Work required: When the line containing "Welcome to today's" appears in the data below, begin copying there and stop only after the line containing "If you have".

Listed entries:
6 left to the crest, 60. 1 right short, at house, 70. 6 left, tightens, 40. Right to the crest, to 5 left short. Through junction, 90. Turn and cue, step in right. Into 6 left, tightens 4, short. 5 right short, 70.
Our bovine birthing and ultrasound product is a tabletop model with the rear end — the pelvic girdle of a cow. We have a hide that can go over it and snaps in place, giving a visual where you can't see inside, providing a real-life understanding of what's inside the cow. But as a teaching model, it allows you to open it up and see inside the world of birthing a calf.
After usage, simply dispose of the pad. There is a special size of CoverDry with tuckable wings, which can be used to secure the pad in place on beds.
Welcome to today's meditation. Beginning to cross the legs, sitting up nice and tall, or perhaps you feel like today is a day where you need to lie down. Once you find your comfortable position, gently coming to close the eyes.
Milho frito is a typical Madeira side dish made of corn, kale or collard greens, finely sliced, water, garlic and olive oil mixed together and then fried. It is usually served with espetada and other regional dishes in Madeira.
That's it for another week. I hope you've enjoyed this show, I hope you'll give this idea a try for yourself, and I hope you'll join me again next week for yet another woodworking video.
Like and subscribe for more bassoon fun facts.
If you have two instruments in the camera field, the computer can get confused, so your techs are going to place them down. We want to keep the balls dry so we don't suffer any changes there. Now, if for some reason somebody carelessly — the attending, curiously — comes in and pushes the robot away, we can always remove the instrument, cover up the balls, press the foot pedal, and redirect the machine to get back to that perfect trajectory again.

==

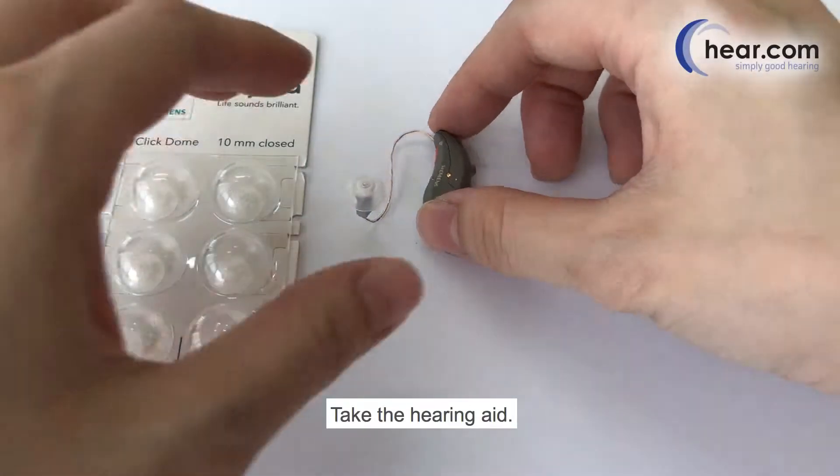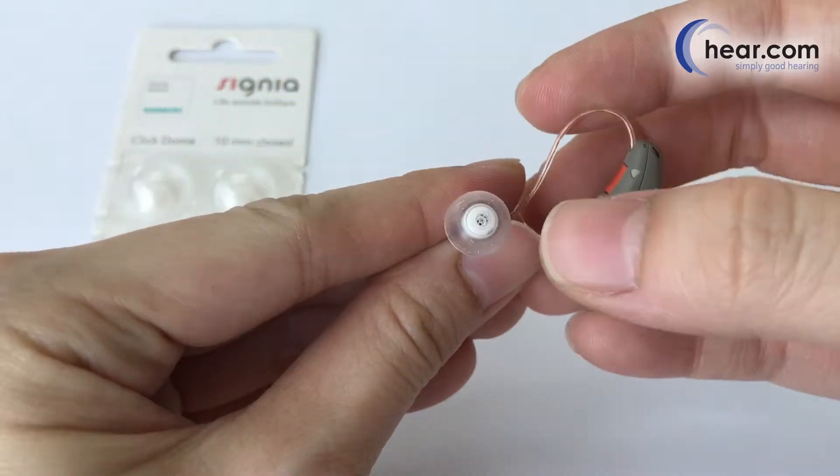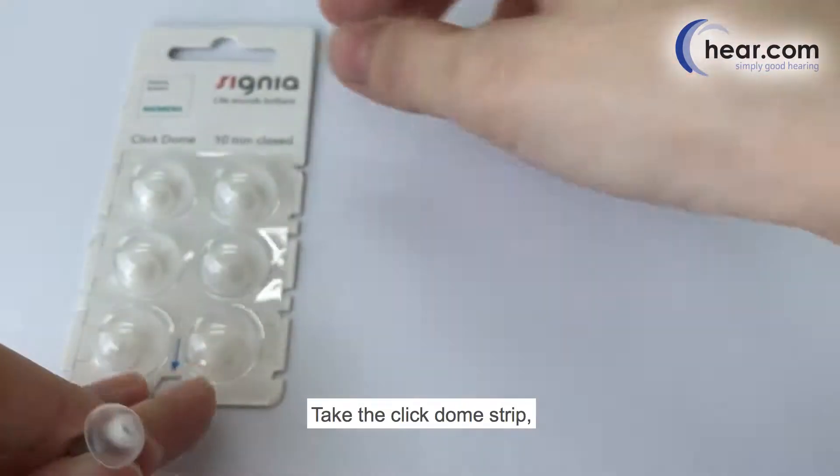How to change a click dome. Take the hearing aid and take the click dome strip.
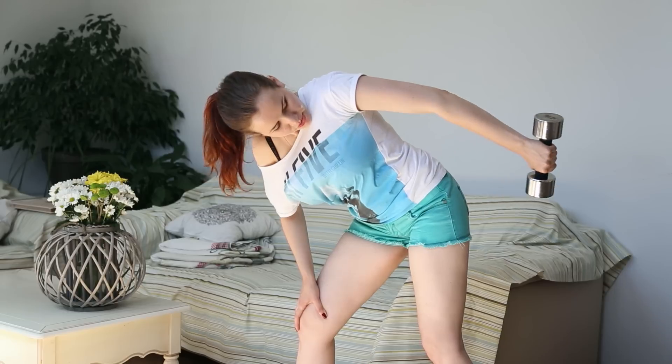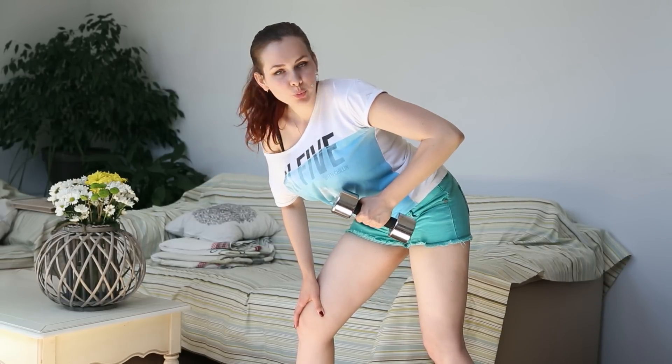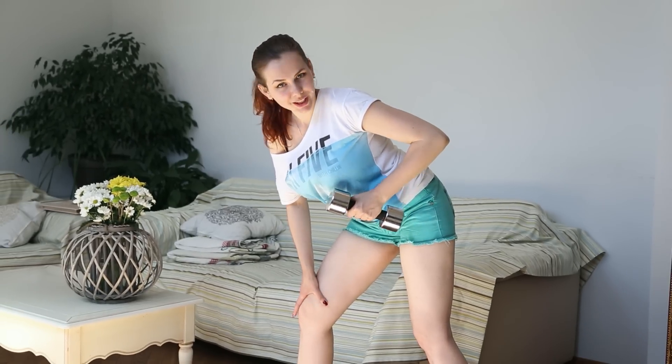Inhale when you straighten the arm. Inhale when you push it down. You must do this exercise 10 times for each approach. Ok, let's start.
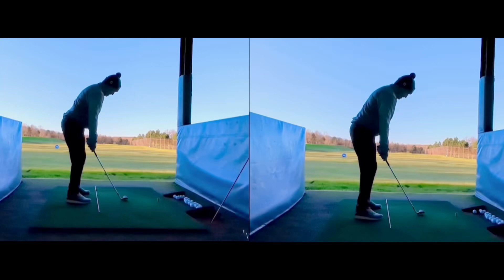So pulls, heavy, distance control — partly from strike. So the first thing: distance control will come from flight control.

Exercise answer:
Welcome to today's meditation. Beginning to cross the legs, sitting up nice and tall, or perhaps you feel like today is a day where you need to lie down. Once you find your comfortable position, gently coming to close the eyes.
Milho frito is a typical Madeira side dish made of corn, kale or collard greens, finely sliced, water, garlic and olive oil mixed together and then fried. It is usually served with espetada and other regional dishes in Madeira.
That's it for another week. I hope you've enjoyed this show, I hope you'll give this idea a try for yourself, and I hope you'll join me again next week for yet another woodworking video.
Like and subscribe for more bassoon fun facts.
If you have two instruments in the camera field, the computer can get confused, so your techs are going to place them down. We want to keep the balls dry so we don't suffer any changes there. Now, if for some reason somebody carelessly — the attending, curiously — comes in and pushes the robot away, we can always remove the instrument, cover up the balls, press the foot pedal, and redirect the machine to get back to that perfect trajectory again.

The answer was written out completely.